* [AVAILABLE DATA]
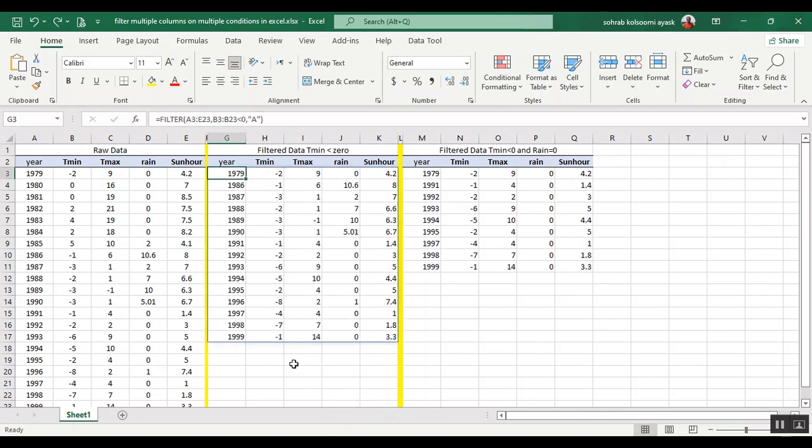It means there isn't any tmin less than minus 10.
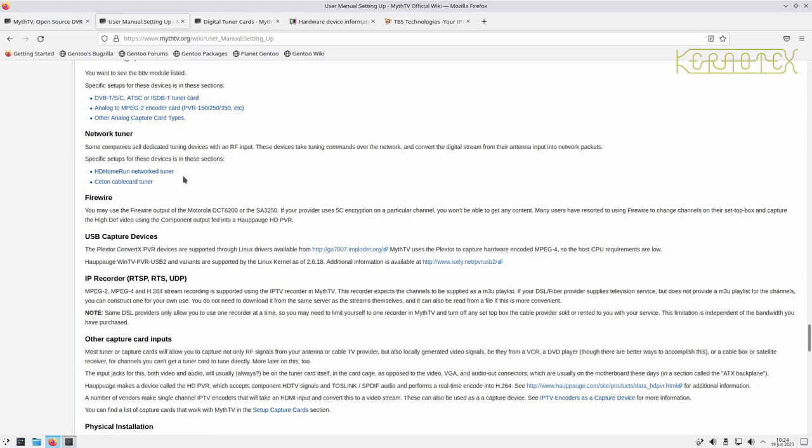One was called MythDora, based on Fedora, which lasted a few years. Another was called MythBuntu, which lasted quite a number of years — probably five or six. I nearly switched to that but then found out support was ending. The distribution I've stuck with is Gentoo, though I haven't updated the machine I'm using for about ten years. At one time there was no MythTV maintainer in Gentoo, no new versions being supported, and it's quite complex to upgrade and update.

--

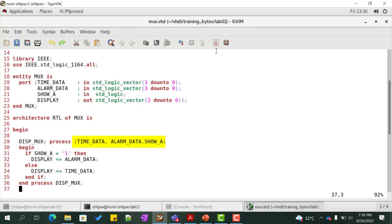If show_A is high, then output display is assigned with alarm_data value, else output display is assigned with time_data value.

* [EXERCISE PROMPT] Everything above from the line containing "It means there" through the line containing "One was called" must be repeated exactly, and the pictures must be left out.

* [WORKED SOLUTION]
It means there isn't any tmin less than minus 10.
One was called MythDora, based on Fedora, which lasted a few years. Another was called MythBuntu, which lasted quite a number of years — probably five or six. I nearly switched to that but then found out support was ending. The distribution I've stuck with is Gentoo, though I haven't updated the machine I'm using for about ten years. At one time there was no MythTV maintainer in Gentoo, no new versions being supported, and it's quite complex to upgrade and update.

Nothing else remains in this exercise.